Jobs for Environmental Studies/Science Majors
Environmental studies or environmental science (ES) majors study a broad range of topics and may have several types of professional options. If you are a student in these fields, you'll need the scientific aptitude to understand and apply complex concepts in biology, chemistry, geology, and physics and will learn to apply both quantitative and qualitative analytical skills to solving problems and interpreting research data. Your creativity will be tapped as you design research models to study environmental issues.
Your ultimate career path will depend on the unique configuration of skills, interests, and values you bring to the table, but it will help if you are passionate about topics like sustainability, conservation, ecology, global warming, and alternative energy sources.
Organizations of all kinds need to prepare environmental impact studies when they are planning to develop virgin land or use currently developed land for an alternative purpose. As an environmental consultant, you'll use analytical tools to assess how development projects might impact the water, soil, air or wildlife in the area. When problematic impacts are identified, you will suggest ways to ameliorate the potential effects. In other cases, you might be brought in to address existing problems—like pollution—and to recommend solutions.
You'll tap the writing and presentation skills honed as an ES major to compose technical reports and deliver recommendations to clients.
ES majors gain a broad-based perspective on environmental issues which can serve you well as an environmental educator. You'll need to digest available information to learn about the environment surrounding your geographic area of practice and rely on your training to collect and interpret information and to conduct fieldwork.
It's important to convey a sense of excitement in your interactions with visitors or students, and public speaking skills polished on campus will help you provide dynamic presentations.
Public Relations Specialist
Environmental organizations need to influence public perceptions to gain political and financial support for their initiatives.
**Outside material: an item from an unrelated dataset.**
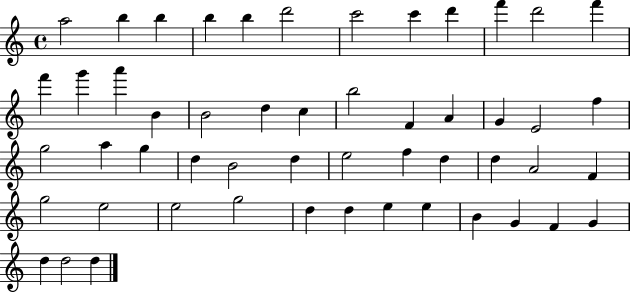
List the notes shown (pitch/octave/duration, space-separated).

A5/h B5/q B5/q B5/q B5/q D6/h C6/h C6/q D6/q F6/q D6/h F6/q F6/q G6/q A6/q B4/q B4/h D5/q C5/q B5/h F4/q A4/q G4/q E4/h F5/q G5/h A5/q G5/q D5/q B4/h D5/q E5/h F5/q D5/q D5/q A4/h F4/q G5/h E5/h E5/h G5/h D5/q D5/q E5/q E5/q B4/q G4/q F4/q G4/q D5/q D5/h D5/q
As a public relations specialist or communications staff member, you'll use the knowledge acquired as an ES major when generating press releases about programs and activities at your employer's or client's organizations.
You'll use writing skills cultivated through your ES studies to develop content for the websites of environmental entities and to help compose text for fundraising brochures and letters.
If you choose to go to law school after earning your ES degree, your scientific knowledge will be an asset when working with clients on environmentally related cases. You'll interview expert witnesses like environmental engineers, biologists, chemists, and other environmental scientists as they prepare and litigate their cases. You'll need to interpret scientific material and evaluate the validity/reliability of those findings.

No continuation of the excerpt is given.